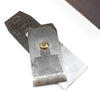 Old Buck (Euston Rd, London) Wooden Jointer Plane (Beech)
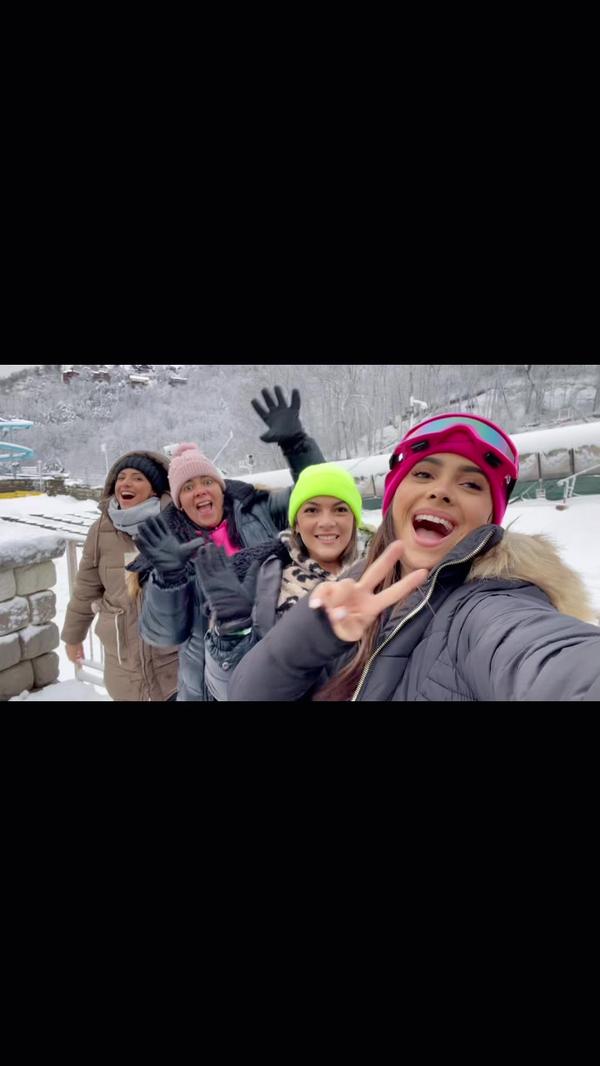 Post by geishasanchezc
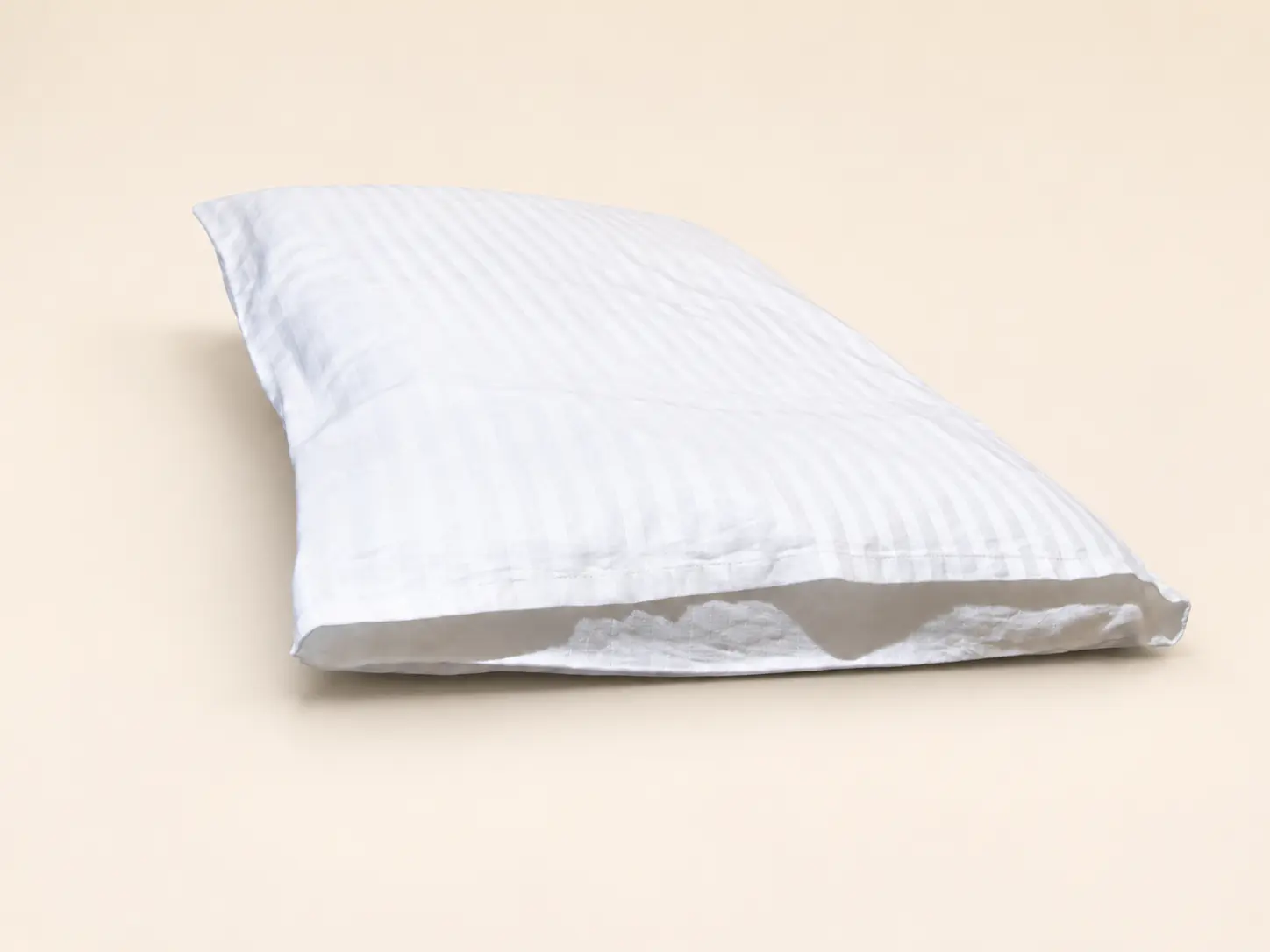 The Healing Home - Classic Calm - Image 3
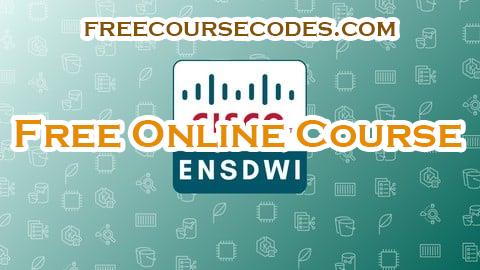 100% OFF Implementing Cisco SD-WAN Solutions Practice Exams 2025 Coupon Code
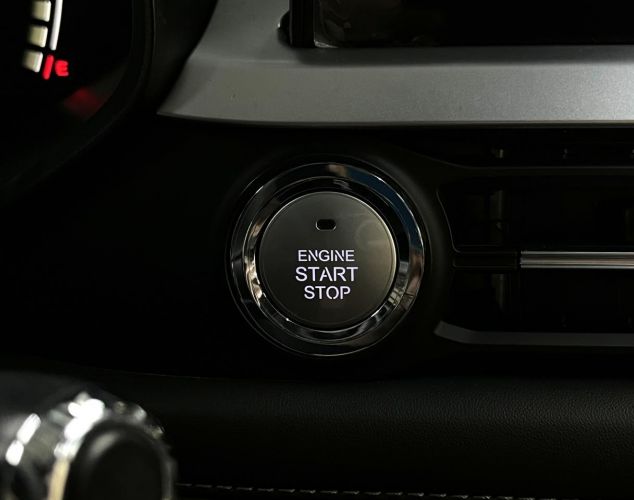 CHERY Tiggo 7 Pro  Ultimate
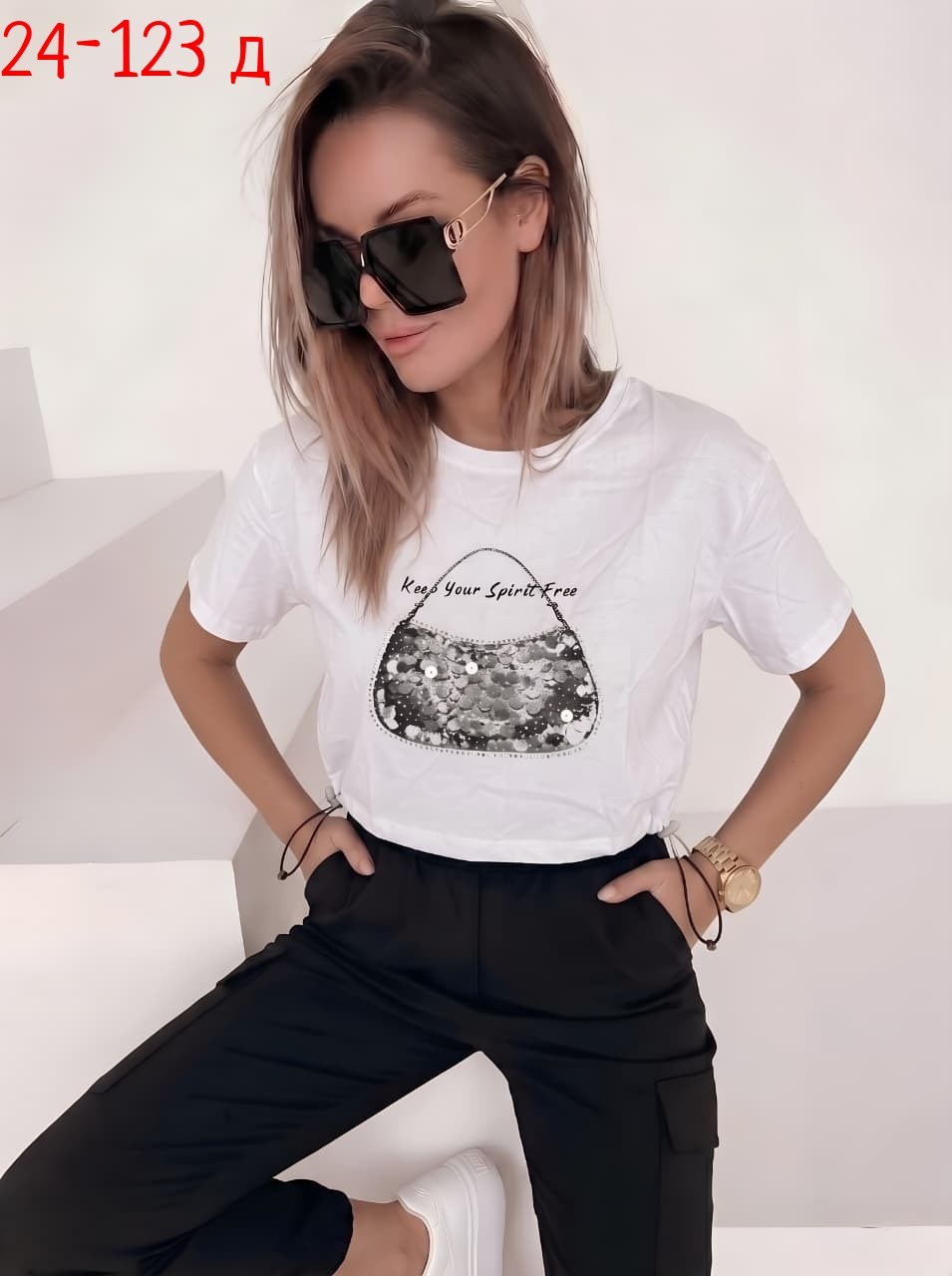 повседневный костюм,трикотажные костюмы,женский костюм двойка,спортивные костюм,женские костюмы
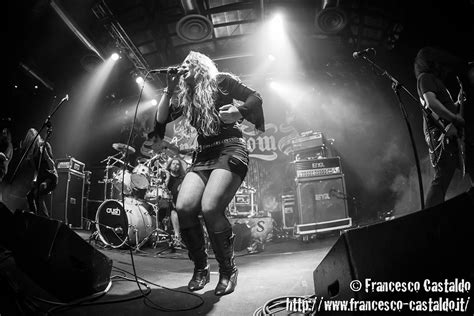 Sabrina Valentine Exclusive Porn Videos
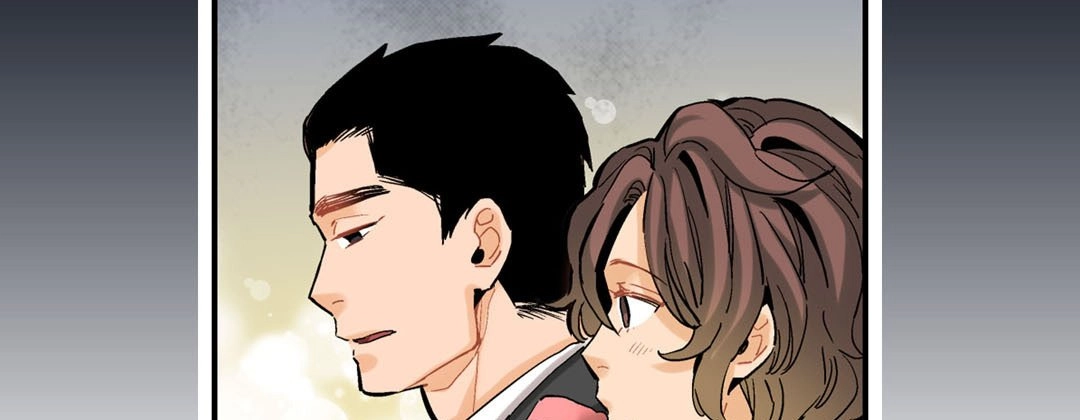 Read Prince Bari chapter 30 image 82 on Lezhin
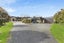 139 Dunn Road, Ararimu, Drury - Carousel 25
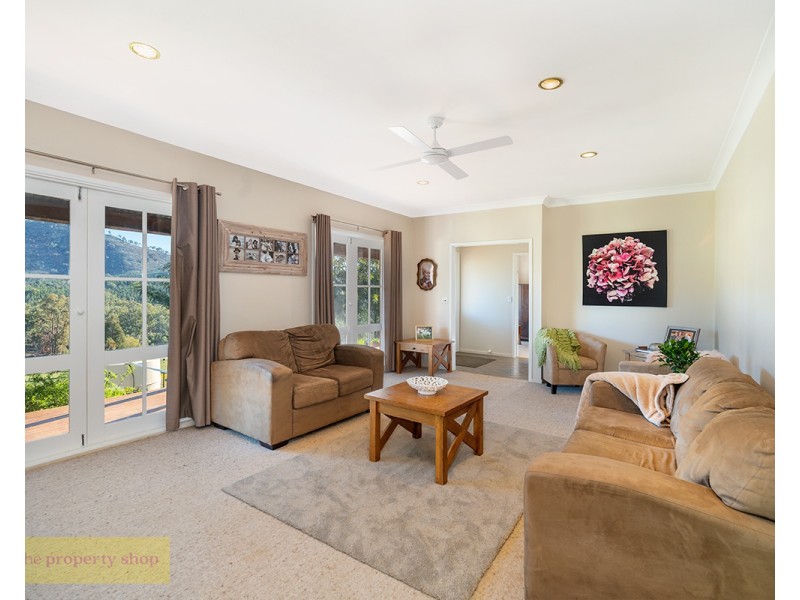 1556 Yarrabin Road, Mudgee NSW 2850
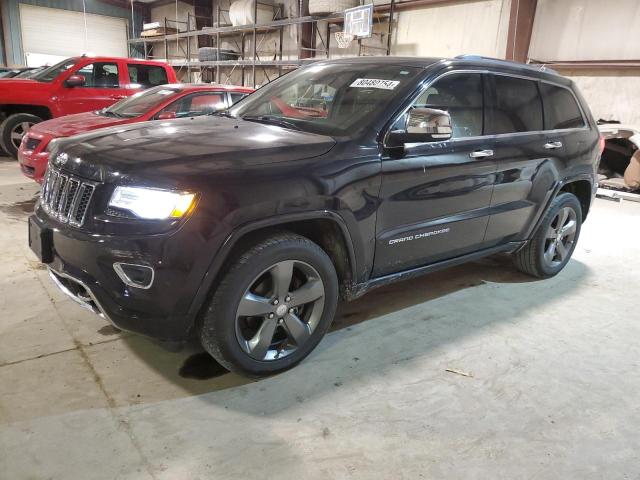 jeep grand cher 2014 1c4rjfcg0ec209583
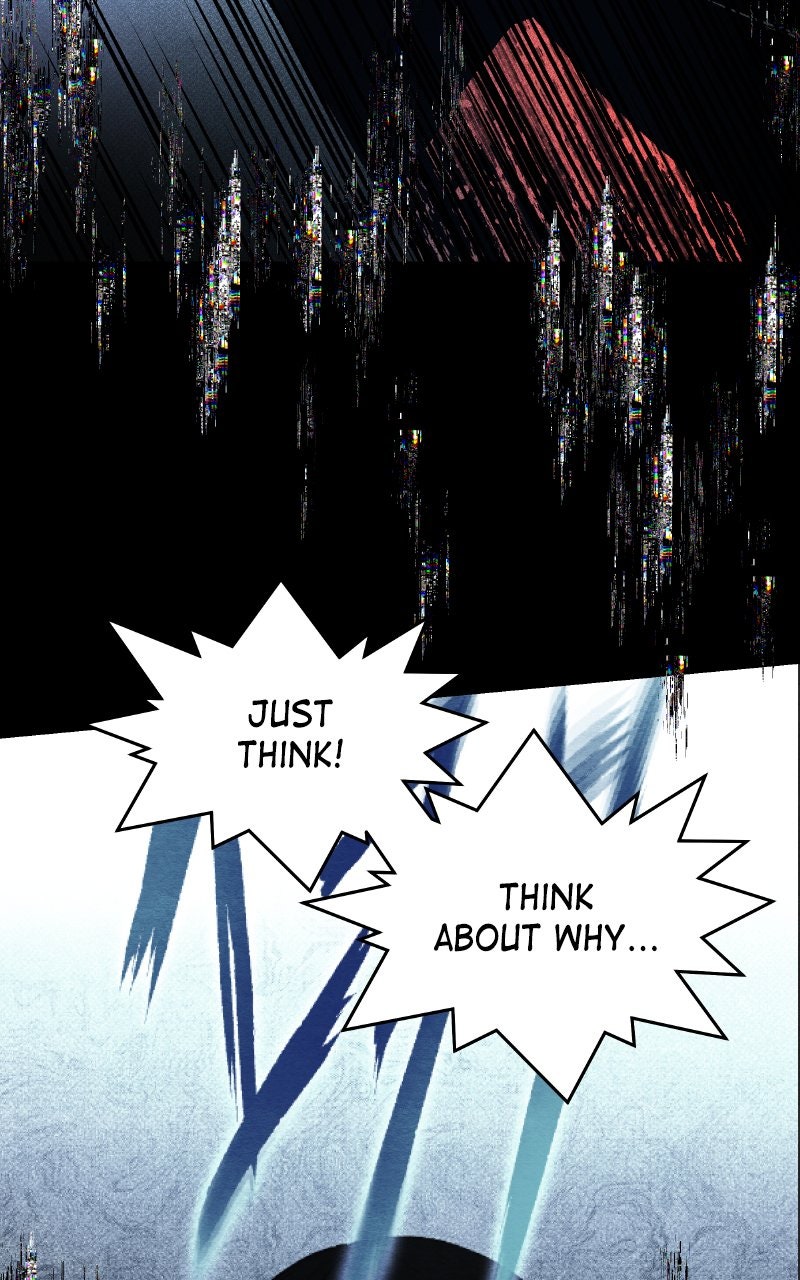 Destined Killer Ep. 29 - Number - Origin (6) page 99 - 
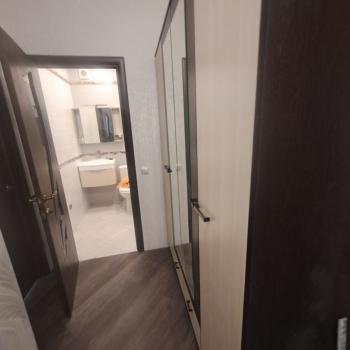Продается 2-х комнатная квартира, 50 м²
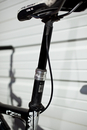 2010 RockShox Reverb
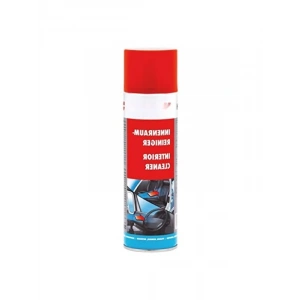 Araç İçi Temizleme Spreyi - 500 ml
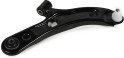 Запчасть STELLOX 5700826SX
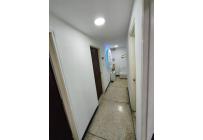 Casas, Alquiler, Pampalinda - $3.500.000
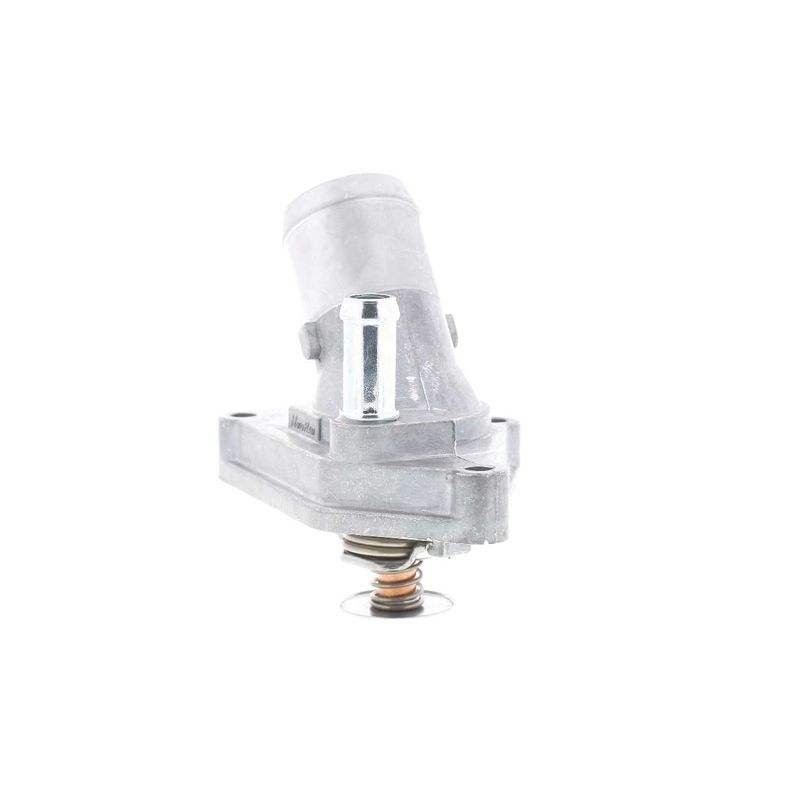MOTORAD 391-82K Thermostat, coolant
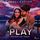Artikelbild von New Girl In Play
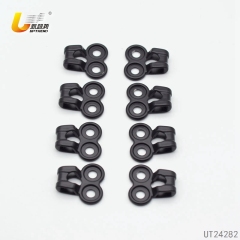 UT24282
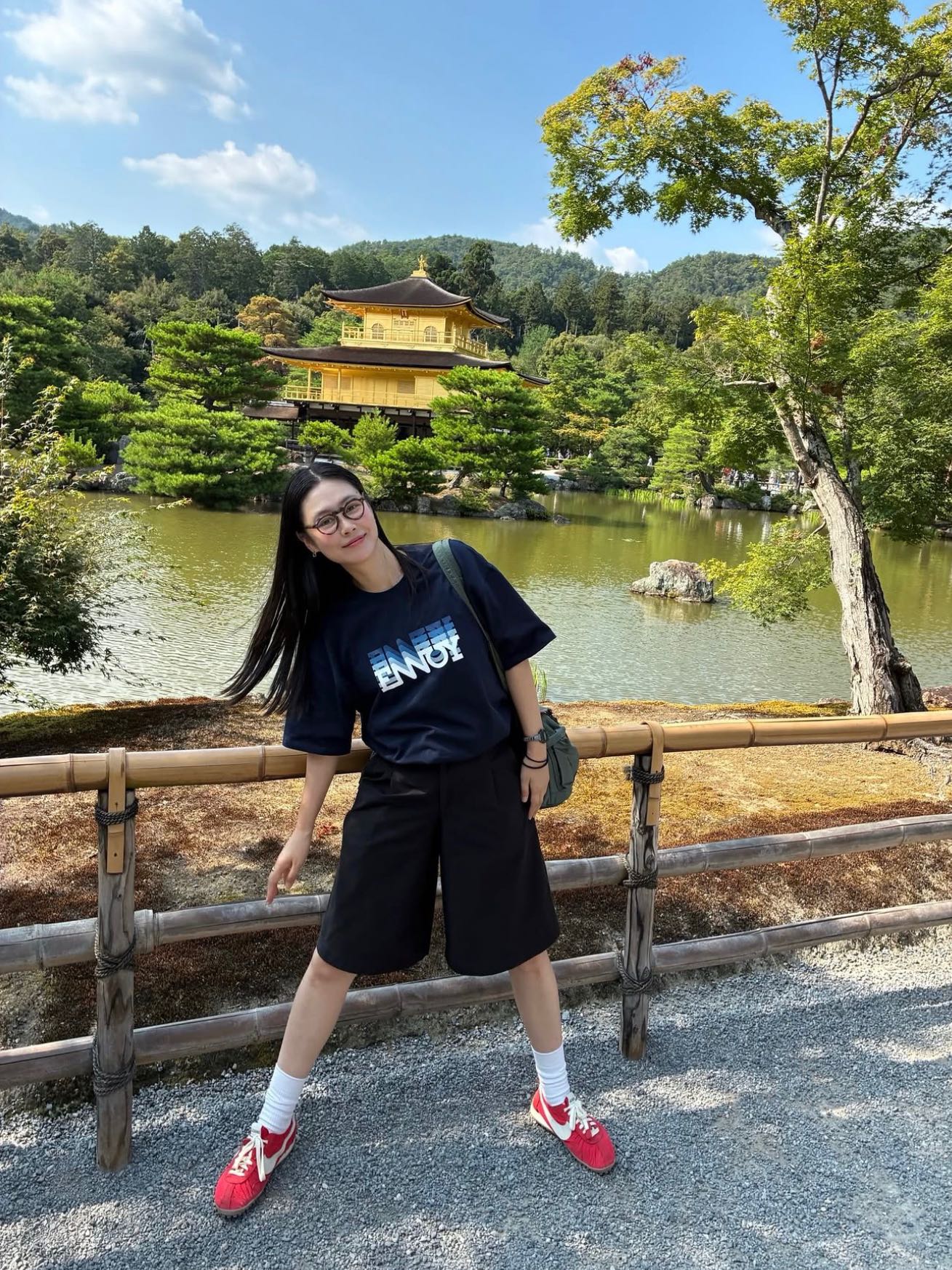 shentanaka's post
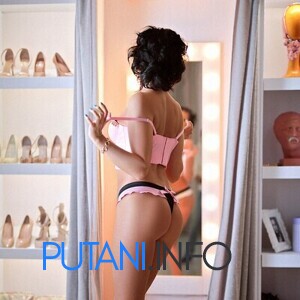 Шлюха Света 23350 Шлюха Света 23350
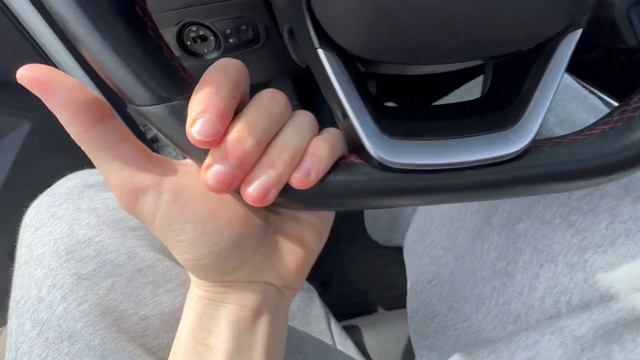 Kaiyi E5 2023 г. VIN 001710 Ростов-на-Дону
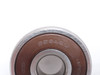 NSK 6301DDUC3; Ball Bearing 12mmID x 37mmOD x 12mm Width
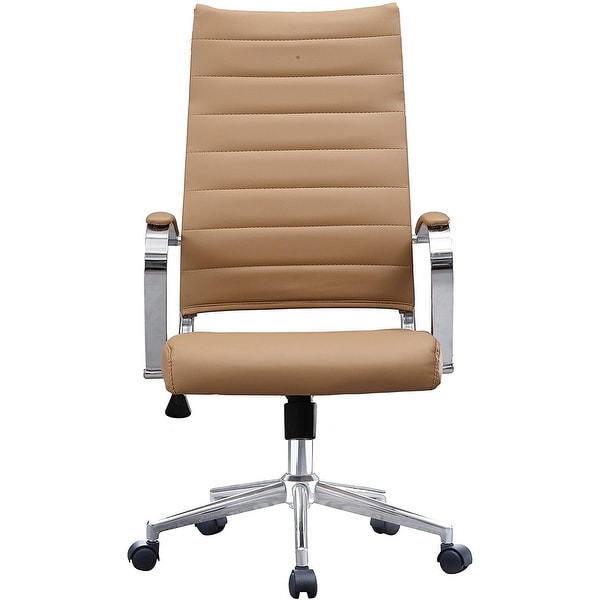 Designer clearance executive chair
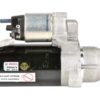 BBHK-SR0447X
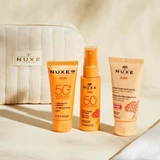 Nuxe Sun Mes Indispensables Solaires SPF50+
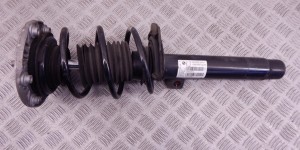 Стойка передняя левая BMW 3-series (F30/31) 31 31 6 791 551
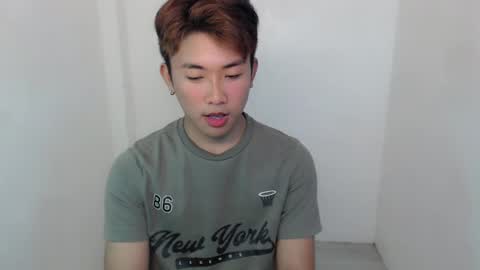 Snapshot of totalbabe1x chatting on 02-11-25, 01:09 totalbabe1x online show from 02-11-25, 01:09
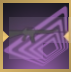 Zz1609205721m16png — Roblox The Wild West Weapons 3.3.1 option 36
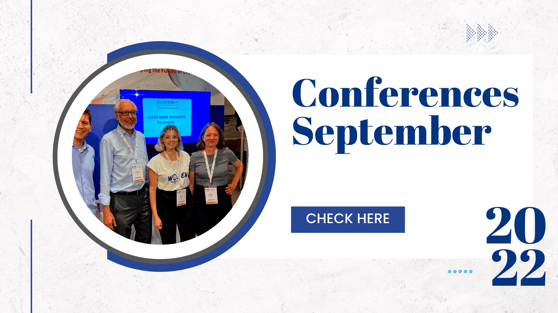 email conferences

--------------------

Of the lines above, quote exactly those from the one with "Artikelbild von New Girl In Play" through the one with "Snapshot of totalbabe1x", ends included; pictures stay out.

Artikelbild von New Girl In Play
 UT24282
 shentanaka's post
 Шлюха Света 23350 Шлюха Света 23350
 Kaiyi E5 2023 г. VIN 001710 Ростов-на-Дону
 NSK 6301DDUC3; Ball Bearing 12mmID x 37mmOD x 12mm Width
 Designer clearance executive chair
 BBHK-SR0447X
 Nuxe Sun Mes Indispensables Solaires SPF50+
 Стойка передняя левая BMW 3-series (F30/31) 31 31 6 791 551
 Snapshot of totalbabe1x chatting on 02-11-25, 01:09 totalbabe1x online show from 02-11-25, 01:09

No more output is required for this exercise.